Wednesday, February 27, 2008

The Rise of the Machines?

Recently, the US military has begun to look to Science Fiction for new ideas. Sadly, though, they are not learning the lessons that SciFi gives us. So, let me make this very clear, autonomous war fighting robots are a bad idea. So long as there is human control over the weapons, than we can create machines that are similar to the UAV's and USV's currently in use by the Air Force and Navy. However, intellegent, thinking machines without Aasimov's Three Laws of Robotics hard wired into them is a VERY bad idea. It all goes back to the tired old slippery slope argument. First, you give them control over target aquisition, then you give them control over move ment and locations, and then you give them control over larger and larger numbers of vehicles and equipment, and bam, you have a Skynet system willing to do anything to survive.

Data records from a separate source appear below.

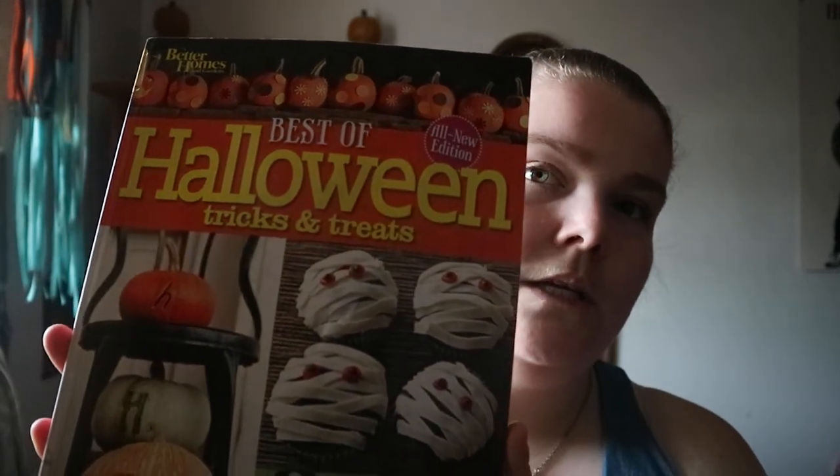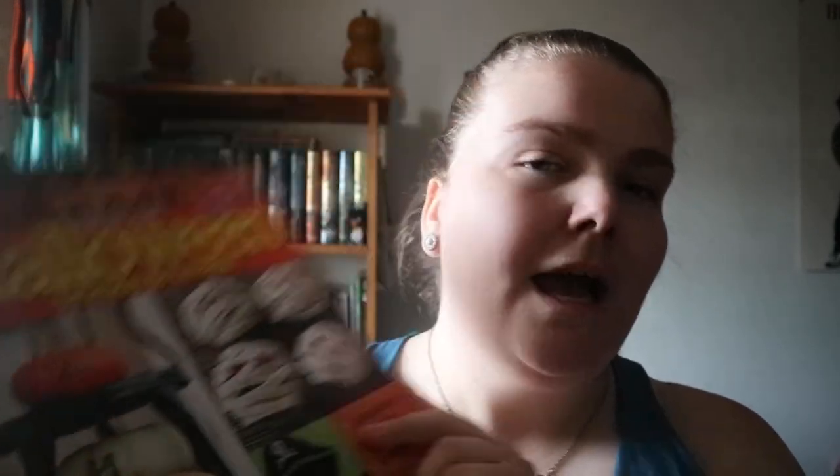If you do like Better Homes and Gardens, or really want to have certain themes, this is worth a look. Yeah, 'Best of Halloween Tricks and Treats' — happy readings!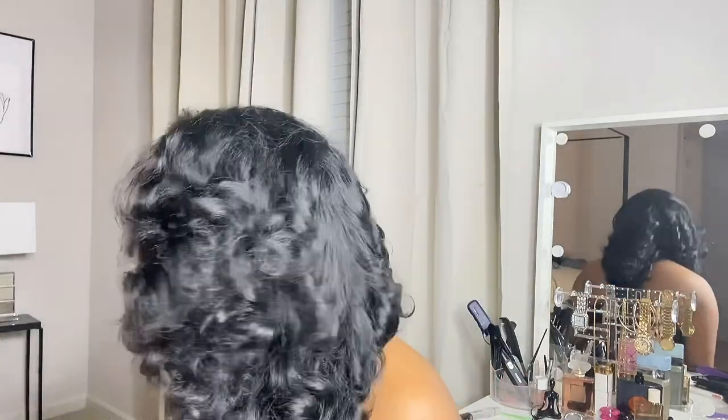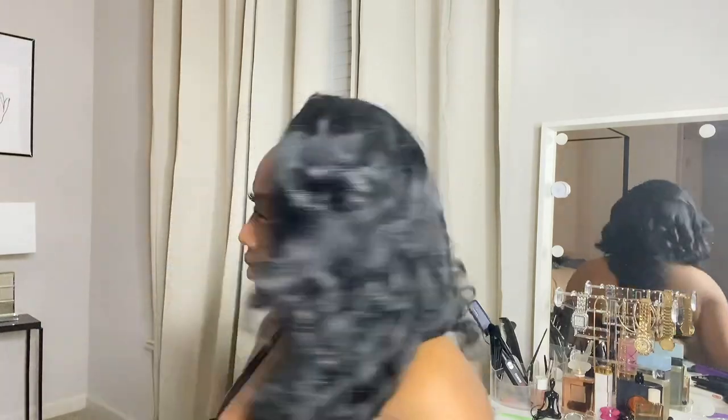Can y'all see the back? I like it like this — yeah, this is cute. See how good my hair blends with it? If I washed my hair it would look really, really good with it, but I'm not gonna do that right now. I didn't even say hey or tell y'all bye — I'll see y'all next time, thanks for watching!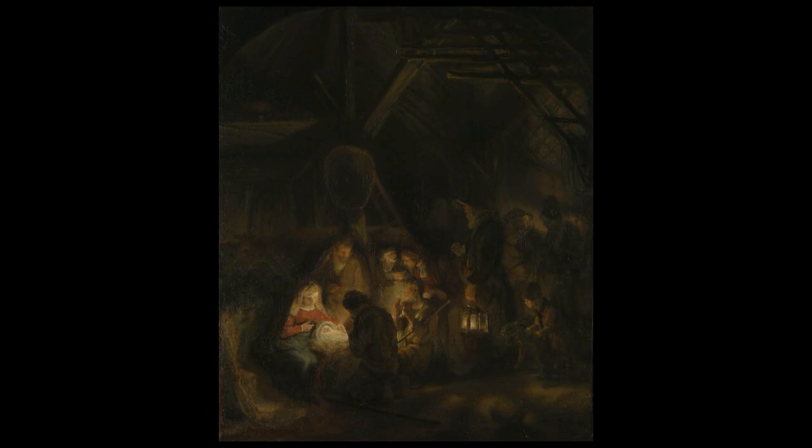See this painting and discover many more stories behind National Gallery pictures in Close Examination: Fakes, Mistakes and Discoveries.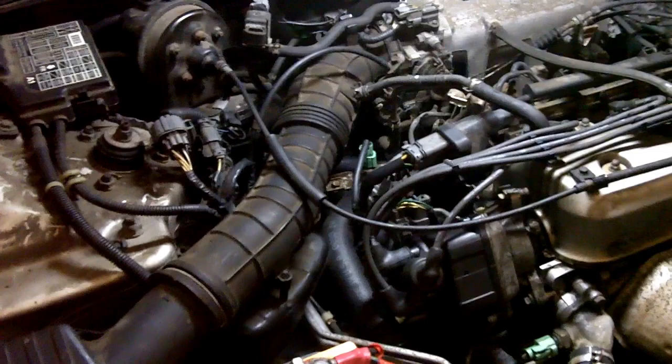Hi, Busho again. Today I'm going to show you how to bleed the cooling system after any cooling system repairs have been performed.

If we were to create Robots, they must be programmed with all three of the laws of robotics. And I am not talking about some software that can be brushed aside, but the Three-Laws Operating System used in 2004's I,Robot. Also, we cannot create a large scale computer with control over too much. In Marathon, we see clearly the potential for robots to go crazy, or as bungie Terms it, "Rampant."

How do we prevent this?
Three Laws
  1. A robot may not injure a human being or, through inaction, allow a human being to come to harm
  2. A robot must obey orders given to it by human beings, except where such orders would conflict with the First Law
  3. A robot must protect its own existence as long as such protection does not conflict with the First or Second Law
And none of this Zeroth Law nonsense, it is very dangerous to allow Robots the ability to kill individual humans if they believe that it will prevent long term harm to Humanity. Look at Adolf Hitler, the Holocaust occurred for just that reason.

Now, if the military is dead-set on the use of Military Robotics, then David Langford's "Tounge-in-cheek" military version may work out, though the threat of Rampancy is still there.
  1. A robot will not harm authorized Government personnel but will terminate intruders with extreme prejudice.
  2. A robot will obey the orders of authorized personnel except where such orders conflict with the Third Law.
  3. A robot will guard its own existence with lethal antipersonnel weaponry, because a robot is bloody expensive.
Now, I have mentioned Rampancy several times, and clearly it is a concern for me. But why you may be wondering. That is because in Marathon, a computer Game produced by Bungie, they show the consequences of an A.I. named Durandal going Rampant.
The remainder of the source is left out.